Task prompt => After locating the line with "kitchen featuring light", set down that line and all the lines that follow it, unchanged, to the end of the records; omit the pictures.

Task material =>
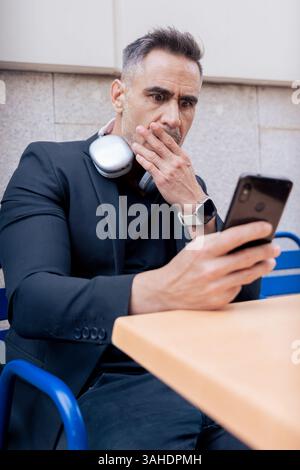 Man with headphones thinking while using phone and tablet at outdoor cafe table Stock Photo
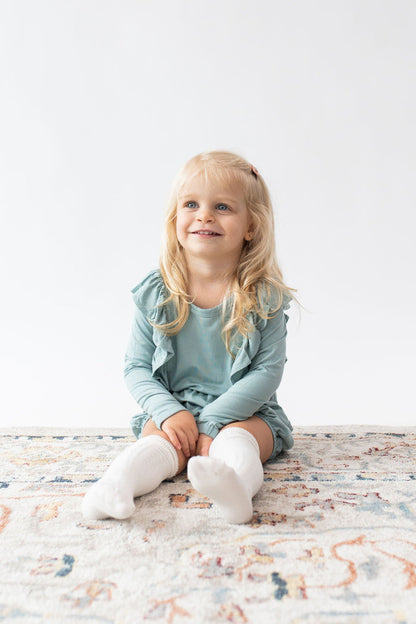 Toddler wearing Kyte Baby bamboo Knee High Socks in Cloud white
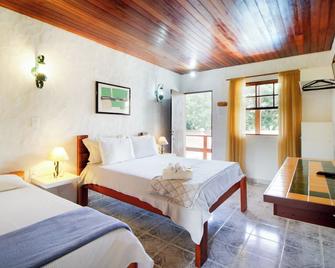 Velinn Pousada Cesar - São Bento do Sapucaí - Schlafzimmer
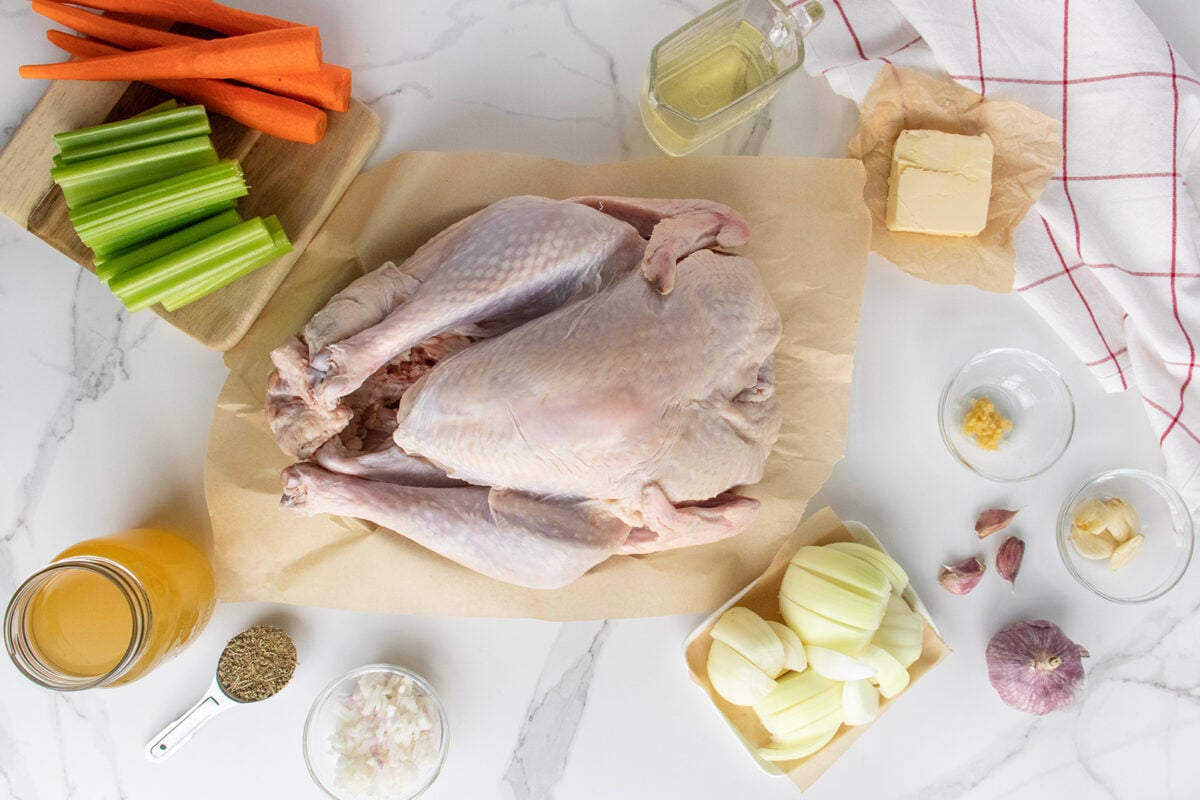 Raw turkey on parchment paper is surrounded by celery, carrots, onion, garlic, butter, oil, broth, shallots, thyme, and a red-checked towel on a white marble countertop, arranged neatly for meal preparation.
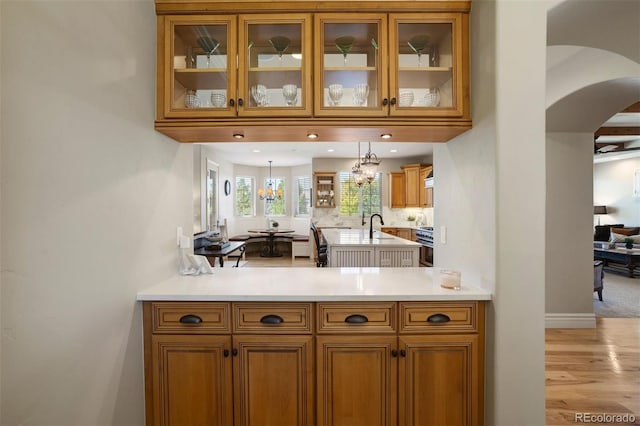 kitchen featuring light hardwood / wood-style floors, high end stove, pendant lighting, sink, and a notable chandelier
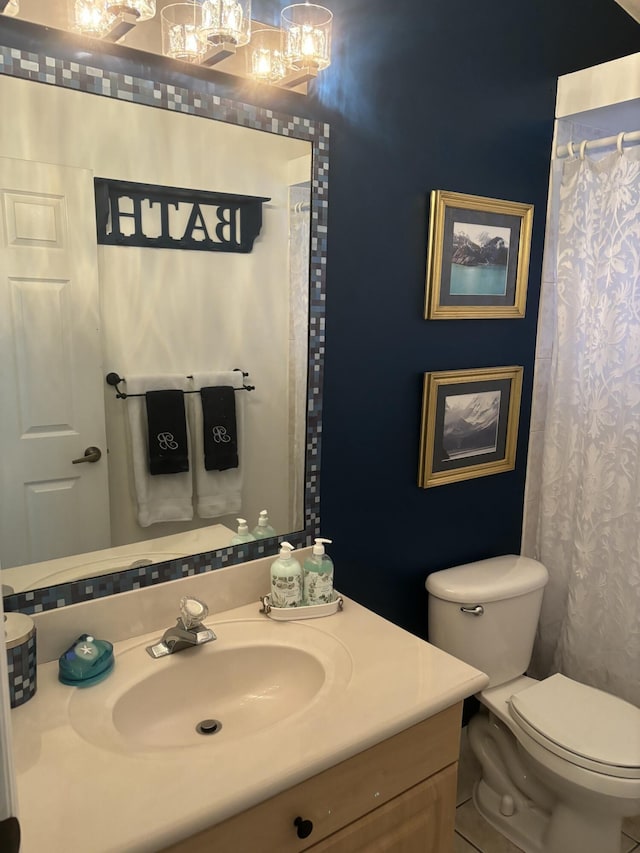 full bathroom with vanity and toilet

Worked solution =>
 kitchen featuring light hardwood / wood-style floors, high end stove, pendant lighting, sink, and a notable chandelier
 full bathroom with vanity and toilet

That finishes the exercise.